Short descriptive text snippets
——————————

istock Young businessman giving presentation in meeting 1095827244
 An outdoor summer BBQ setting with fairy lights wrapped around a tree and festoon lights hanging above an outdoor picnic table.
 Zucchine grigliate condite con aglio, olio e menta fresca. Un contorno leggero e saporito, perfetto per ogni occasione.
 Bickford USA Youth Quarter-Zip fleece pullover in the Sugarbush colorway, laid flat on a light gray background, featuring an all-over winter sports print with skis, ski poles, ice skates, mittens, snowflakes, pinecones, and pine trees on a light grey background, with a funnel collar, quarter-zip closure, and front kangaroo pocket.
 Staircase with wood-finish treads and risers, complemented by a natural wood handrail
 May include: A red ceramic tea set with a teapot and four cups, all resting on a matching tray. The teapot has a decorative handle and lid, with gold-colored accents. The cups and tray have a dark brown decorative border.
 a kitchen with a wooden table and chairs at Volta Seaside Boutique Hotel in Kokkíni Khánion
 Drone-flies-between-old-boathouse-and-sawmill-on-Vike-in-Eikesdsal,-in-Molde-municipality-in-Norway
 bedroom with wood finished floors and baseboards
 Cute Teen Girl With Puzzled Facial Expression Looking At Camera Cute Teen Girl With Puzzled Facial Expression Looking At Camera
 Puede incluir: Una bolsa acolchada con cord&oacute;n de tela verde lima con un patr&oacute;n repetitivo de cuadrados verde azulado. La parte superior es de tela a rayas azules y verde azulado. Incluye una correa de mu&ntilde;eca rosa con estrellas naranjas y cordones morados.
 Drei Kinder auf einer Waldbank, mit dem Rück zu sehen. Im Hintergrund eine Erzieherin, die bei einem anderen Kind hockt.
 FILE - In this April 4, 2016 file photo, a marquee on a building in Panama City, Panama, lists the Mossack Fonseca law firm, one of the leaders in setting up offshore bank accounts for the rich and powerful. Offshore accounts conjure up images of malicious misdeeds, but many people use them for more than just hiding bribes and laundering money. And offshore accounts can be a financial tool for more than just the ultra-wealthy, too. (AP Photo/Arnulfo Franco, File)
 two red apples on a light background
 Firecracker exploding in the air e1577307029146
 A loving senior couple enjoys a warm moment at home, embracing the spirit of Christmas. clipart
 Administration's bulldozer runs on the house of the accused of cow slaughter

——————————

TASK STATEMENT: Each entry is to be returned in full, character for character.

RESULT OF THIS EXERCISE:
istock Young businessman giving presentation in meeting 1095827244
 An outdoor summer BBQ setting with fairy lights wrapped around a tree and festoon lights hanging above an outdoor picnic table.
 Zucchine grigliate condite con aglio, olio e menta fresca. Un contorno leggero e saporito, perfetto per ogni occasione.
 Bickford USA Youth Quarter-Zip fleece pullover in the Sugarbush colorway, laid flat on a light gray background, featuring an all-over winter sports print with skis, ski poles, ice skates, mittens, snowflakes, pinecones, and pine trees on a light grey background, with a funnel collar, quarter-zip closure, and front kangaroo pocket.
 Staircase with wood-finish treads and risers, complemented by a natural wood handrail
 May include: A red ceramic tea set with a teapot and four cups, all resting on a matching tray. The teapot has a decorative handle and lid, with gold-colored accents. The cups and tray have a dark brown decorative border.
 a kitchen with a wooden table and chairs at Volta Seaside Boutique Hotel in Kokkíni Khánion
 Drone-flies-between-old-boathouse-and-sawmill-on-Vike-in-Eikesdsal,-in-Molde-municipality-in-Norway
 bedroom with wood finished floors and baseboards
 Cute Teen Girl With Puzzled Facial Expression Looking At Camera Cute Teen Girl With Puzzled Facial Expression Looking At Camera
 Puede incluir: Una bolsa acolchada con cord&oacute;n de tela verde lima con un patr&oacute;n repetitivo de cuadrados verde azulado. La parte superior es de tela a rayas azules y verde azulado. Incluye una correa de mu&ntilde;eca rosa con estrellas naranjas y cordones morados.
 Drei Kinder auf einer Waldbank, mit dem Rück zu sehen. Im Hintergrund eine Erzieherin, die bei einem anderen Kind hockt.
 FILE - In this April 4, 2016 file photo, a marquee on a building in Panama City, Panama, lists the Mossack Fonseca law firm, one of the leaders in setting up offshore bank accounts for the rich and powerful. Offshore accounts conjure up images of malicious misdeeds, but many people use them for more than just hiding bribes and laundering money. And offshore accounts can be a financial tool for more than just the ultra-wealthy, too. (AP Photo/Arnulfo Franco, File)
 two red apples on a light background
 Firecracker exploding in the air e1577307029146
 A loving senior couple enjoys a warm moment at home, embracing the spirit of Christmas. clipart
 Administration's bulldozer runs on the house of the accused of cow slaughter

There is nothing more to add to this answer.